Han transcurrido exactamente 113 años desde aquella noche oscura de marzo de 1913 en que Abraham González Casavantes, gobernador constitucional de Chihuahua y uno de los pilares del maderismo en el norte del país, fue ejecutado sin juicio ni piedad por órdenes del régimen usurpador de Victoriano Huerta. El 7 de marzo de 1913 –no el 17, como a veces se confunde en relatos populares–, el político chihuahuense de 48 años cayó bajo las balas de oficiales federales leales al golpe de Estado que había derrocado y asesinado al presidente Francisco I. Madero apenas semanas antes.
Abraham González no era un militar de primera línea, sino un organizador incansable. Nacido el 7 de junio de 1864 en Guerrero, Chihuahua, provenía de una familia acomodada pero se convirtió en el principal enlace del antirreeleccionismo en el estado. Fue el hombre que reclutó y respaldó a figuras como Pascual Orozco y, sobre todo, a Francisco Villa, a quien conoció antes de la Revolución y a quien impulsó como líder militar. Como gobernador provisional desde 1911 y luego constitucional, González representaba la esperanza maderista de reformas agrarias y justicia social en una entidad dominada por el poderío económico de los Terrazas-Creel.
La Decena Trágica (del 9 al 19 de febrero de 1913) cambió todo. Tras el asesinato de Madero y Pino Suárez, Huerta consolidó el poder y ordenó eliminar a los leales maderistas que pudieran organizar resistencia. En Chihuahua, el general Antonio Rábago Maldonado detuvo a González el 3 de marzo de 1913 bajo cargos fabricados de rebelión. Se le comunicó que sería trasladado a la Ciudad de México para ser juzgado, pero el traslado era una farsa.

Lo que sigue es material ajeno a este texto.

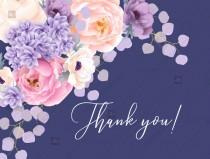 Thank you card pink peach peony hydrangea violet anemone eucalyptus greenery pdf custom online editor invitation template wedding photo - Thank you card pink peach peony hydrangea violet anemone eucalyptus greenery pdf custom online editor invitation template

En la madrugada del 6 al 7 de marzo, mientras el tren federal avanzaba por la línea del Ferrocarril Central Mexicano rumbo al sur, el convoy fue detenido entre las estaciones de Horcasitas y el Cañón de Bachimba (cerca de Mápula, unos 65 km al sur de la capital chihuahuense). Oficiales como el mayor Benjamín Camarena, Hernando Limón, el teniente Federico Revilla y el capitán Manuel Rodríguez –jefe de la escolta– bajaron al gobernador y a su sobrino, el coronel Fernando González y González. Abraham fue ejecutado de inmediato: algunas versiones hablan de fusilamiento, otras de que fue arrojado bajo las ruedas del tren para simular un accidente. Su cuerpo fue sepultado apresuradamente en el lugar, sin honras fúnebres.
El crimen no fue un acto aislado. Formaba parte de la purga sistemática del huertismo contra el maderismo. Sin embargo, en Chihuahua tuvo un efecto contrario al deseado: en lugar de intimidar, avivó la llama rebelde. Pancho Villa, que había sido protegido y promovido por González, juró venganza. Ese asesinato contribuyó directamente a radicalizar la División del Norte y a fortalecer la resistencia constitucionalista que, meses después, derrocaría a Huerta.
Hoy, 113 años después, el nombre de Abraham González pervive en bustos, calles y escuelas de Chihuahua. Su muerte simboliza el costo humano de la traición en la Revolución Mexicana: un líder civil, hombre de leyes y confianza de Madero, sacrificado para aplastar la esperanza democrática en el norte. En un estado que aún carga las cicatrices de aquellos años turbulentos, recordar su ejecución no es solo rememorar un hecho histórico, sino reconocer que la lucha por la justicia y contra el autoritarismo sigue vigente.
Porque, como escribió un cronista de la época, “mataron al gobernador, pero no pudieron matar la idea que representaba”. Y esa idea –la de un México más justo– encendió la hoguera que consumiría al usurpador.